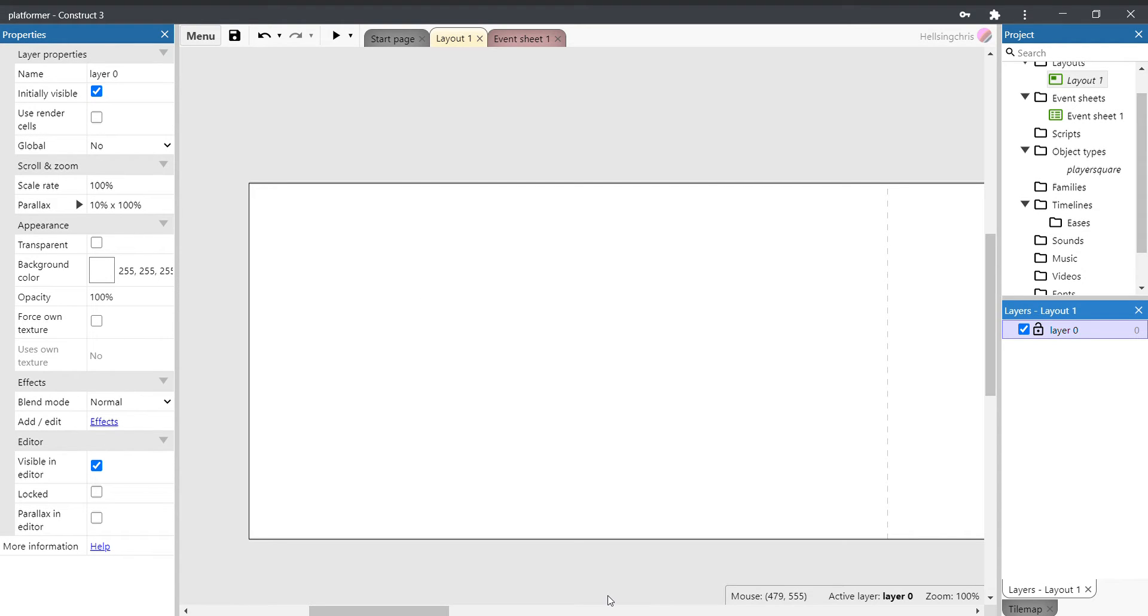Okay, welcome back to video 2 in our platformer tutorial videos. This video is about setting up the layers and the platforms for the game. The first thing we're going to do is set up our layers, and it's important we do this at the beginning so that we can put things onto the layers as we create them.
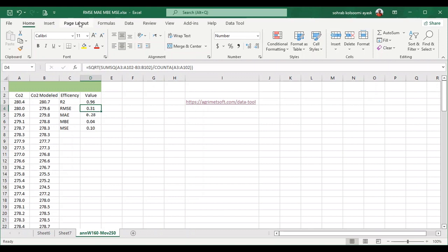Hello everyone, I am Sohra from Agrim Staff and today I want to show you how you can calculate RMSE, MAE, MBE, or MSE in the fastest and simplest way.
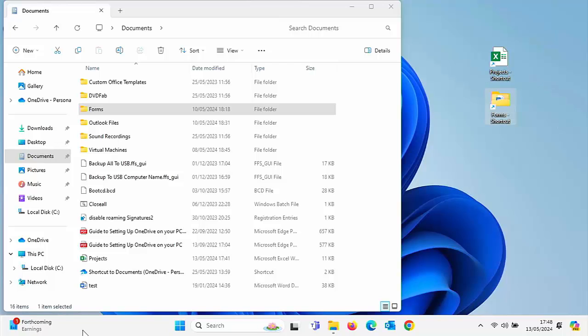Today we're going to look at how you can put shortcuts to files and folders on your desktop in Windows 10 and Windows 11.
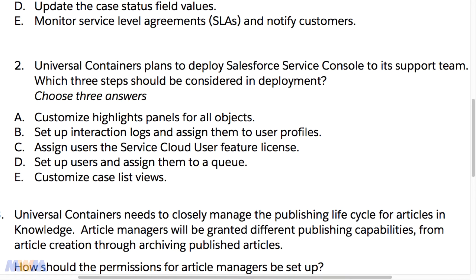Now it's sample question time from the exam guide — this is sample question number two, and it deals with a lot of the things we've just worked through in this section. This is not one of the greater questions in the world, in my opinion. It's hard to know which are the right answers, but we'll go through it. I'd like to hear your thoughts in the Q&A section. This is one where potentially all the answers could be correct, but you need to know which ones are the best answers.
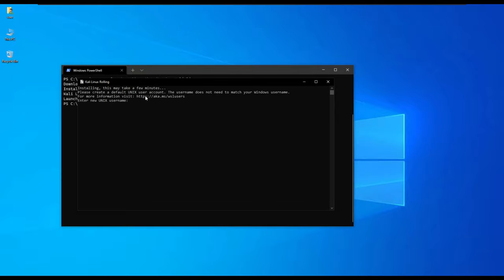It has completed and it prompts us to enter the username. I'll just use Joe like the one I used in Ubuntu. Type in a new password, retype the password.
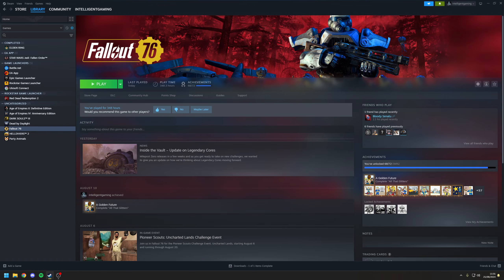Hey guys, Ryan here. In this video I'm going to be covering what I believe are the best graphical settings you can use in Fallout 76 for maximum performance and visuals.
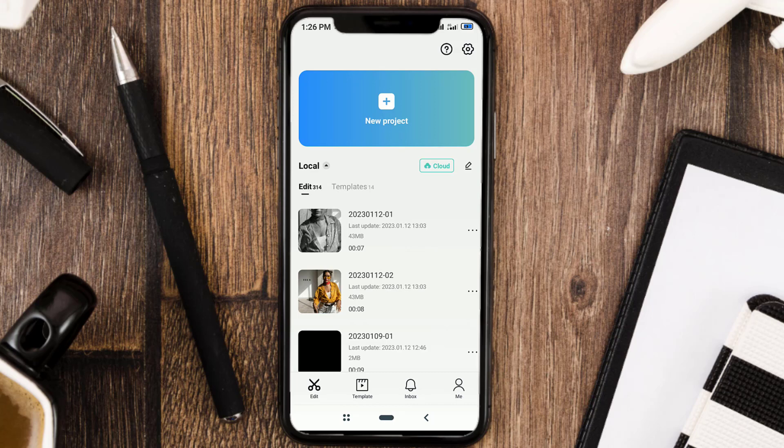Hi guys, welcome back to the Make It Simple YouTube channel. In this video, I will show you step-by-step how to edit granular velocity in the CapCut app like the trend on TikTok, and of course, I will also share the video template for you for free.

· · · ·

» Task to complete
Transcribe, without alteration, each line from the one with "Today we're going" through the last line of the data; no pictures belong in the copy.

» Response area
Today we're going to look at how you can put shortcuts to files and folders on your desktop in Windows 10 and Windows 11.
Now it's sample question time from the exam guide — this is sample question number two, and it deals with a lot of the things we've just worked through in this section. This is not one of the greater questions in the world, in my opinion. It's hard to know which are the right answers, but we'll go through it. I'd like to hear your thoughts in the Q&A section. This is one where potentially all the answers could be correct, but you need to know which ones are the best answers.
It has completed and it prompts us to enter the username. I'll just use Joe like the one I used in Ubuntu. Type in a new password, retype the password.
Hey guys, Ryan here. In this video I'm going to be covering what I believe are the best graphical settings you can use in Fallout 76 for maximum performance and visuals.
Hi guys, welcome back to the Make It Simple YouTube channel. In this video, I will show you step-by-step how to edit granular velocity in the CapCut app like the trend on TikTok, and of course, I will also share the video template for you for free.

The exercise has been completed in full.